With the adoption of its Policy on Coordination of Corporate Resolution Penalties (the Policy), the DOJ is seeking to discourage the unnecessary “piling on” of enforcement actions and duplicative criminal penalties on corporate wrongdoers. This nonbinding policy has been added to the U.S. Attorneys' Manual, at Section 1-12.100.
While the Policy is new to the DOJ as a whole, it is not an entirely new concept. The DOJ's Fraud Section often coordinates with foreign law enforcement counterparts on multijurisdictional anti-corruption investigations and, in recent years, has agreed to split penalties among them. However, it remains to be seen how the Policy will be implemented by other sections of DOJ that conduct multijurisdictional investigations, and whether other domestic law enforcement agencies will adopt similar policies. The Policy also leaves open the possibility that in certain cases, DOJ might impose penalties without regard to potential duplication. Thus, while the Policy is a welcome affirmation of the Department's principles, its practical significance is hard to assess.

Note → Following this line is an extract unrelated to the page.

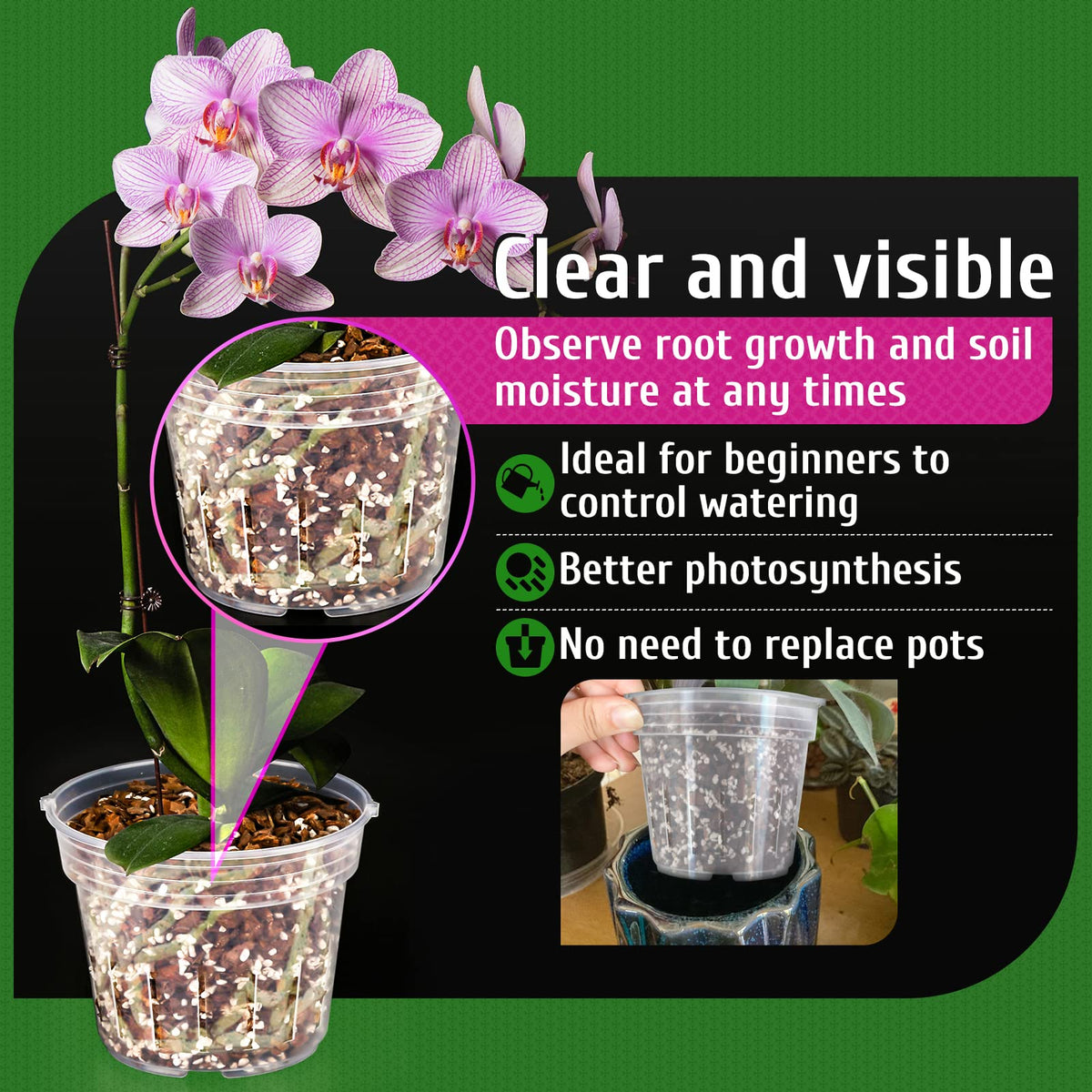 REMIAWY orchid pot 5.7-inch side view with drainage holes for healthy roots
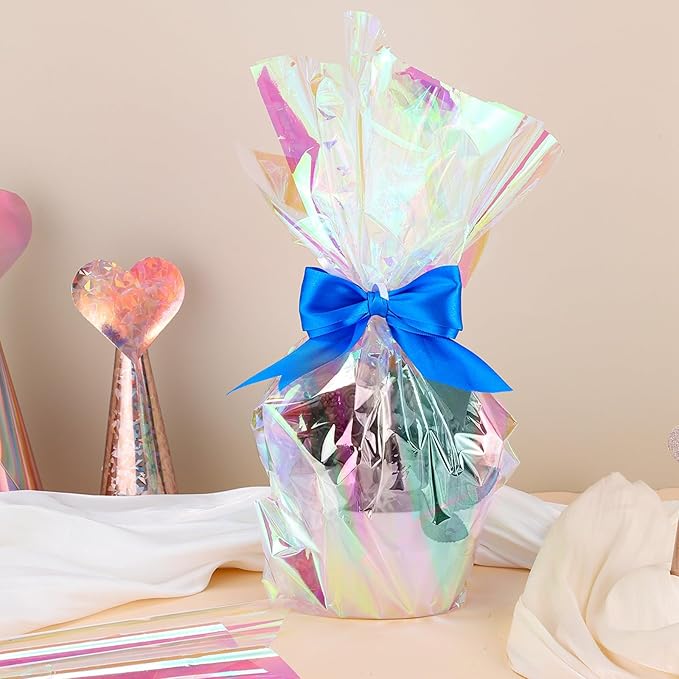 woric 82 Ft X 17 In Cellophane Wrap for Gift Baskets Christmas Iridescent Cellophane Wrap Roll Gift Basket Wrapping Plastic for Gifts Basket Treats Party Favor Birthday Wedding Crafts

|Deputy Attorney General Rod Rosenstein announced the Policy in an address to the New York City Bar White Collar Crime Institute. See, Rod Rosenstein, Deputy Att'y Gen., Deputy Attorney General Rod Rosenstein Delivers Remarks to the New York City Bar White Collar Crime Institute (May 9, 2018) (http://bit.ly/2OUb0wP). In his speech, Rosenstein focused on the DOJ's reputation for fairness, and recognized that repetitive punishment for the same behavior may be unnecessary and ineffective in deterring unlawful conduct.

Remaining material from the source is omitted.